The same cable traffic indicates that, in a cynical Great Power calculation, Washington continues to sacrifice the prospects of the region's youth on the altar of "security." It is now forgotten that America's biggest foreign policy headache, the Islamic Republic of Iran, arose in response to American backing for Mohammad Reza Pahlevi, the despised Shah who destroyed the Iranian left and centrist political parties, paving the way for the ayatollahs' takeover in 1979.
State Department cables published via WikiLeaks are remarkably revealing when it comes to the way Tunisian strongman Zine el-Abidine Ben Ali and his extended family (including his wife Leila's Trabelsi clan) fastened upon the Tunisian economy and sucked it dry. The riveting descriptions of U.S. diplomats make the presidential "family" sound like True Blood's vampires overpowering Bontemps, Louisiana.

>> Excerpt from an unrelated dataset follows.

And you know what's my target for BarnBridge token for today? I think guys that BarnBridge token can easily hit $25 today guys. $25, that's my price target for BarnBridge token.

In July of 2009, for instance, the U.S. ambassador dined with Nesrine Ben Ali el-Materi and Sakher el-Materi, the president's daughter and son-in-law, at their sumptuous mansion. Materi, who rose through nepotism to dominate Tunisia's media, provided a 12-course dinner with Kiwi juice -- "not normally available here" -- and "ice cream and frozen yoghurt he had flown in from Saint Tropez," all served by an enormous staff of well-paid servants. The ambassador remarked on the couple's pet tiger, "Pasha," which consumed "four chickens a day" at a time of extreme economic hardship for ordinary Tunisians.

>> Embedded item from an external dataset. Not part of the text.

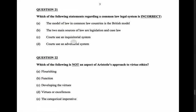Question 21: which of the following statements regarding a common law legal system is incorrect? The model of law in common law countries is the British model — that's true, that's where it came from, which is why we have all those references to the crown and the monarchy. The two main sources of law are legislation and case law — that's true.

Other cables detail the way the Ben Ali and Trabelsi clans engaged in a Tunisian version of insider trading, using their knowledge of the president's upcoming economic decisions to scarf up real estate and companies they knew would suddenly spike in value. In 2006, the U.S. ambassador estimated that 50% of the economic elite of Tunisia was related by blood or marriage to the president, a degree of nepotism hard to match outside some of the Persian Gulf monarchies.
Despite full knowledge of the corruption and tyranny of the regime, the U.S. embassy concluded in July 2009: "Notwithstanding the frustrations of doing business here, we cannot write off Tunisia. We have too much at stake. We have an interest in preventing al-Qaeda in the Islamic Maghreb and other extremist groups from establishing a foothold here. We have an interest in keeping the Tunisian military professional and neutral."
The notion that, if the U.S. hadn't given the Tunisian government hundreds of millions of dollars in military aid over the past two and a half decades, while helping train its military and security forces, a shadowy fringe group calling itself "al-Qaeda in the Maghreb" might have established a "toehold" in the country was daft. Yet this became an all-weather, universal excuse for bad policy.
In this regard, Tunisia has been the norm when it comes to American policy in the Muslim world. The Bush administration's firm support for Ben Ali makes especially heinous the suggestion of some neoconservative pundits that George W. Bush's use of democratization rhetoric for neo-imperialist purposes somehow inspired the workers and internet activists of Tunisia (none of whom ever referenced the despised former US president). It would surely have been smarter for Washington to cut the Ben Ali regime off without a dime, at least militarily, and distance itself from his pack of jackals. The region is, of course, littered with dusty, creaking, now exceedingly nervous dictatorships in which government is theft. The U.S. receives no real benefits from its damaging association with them.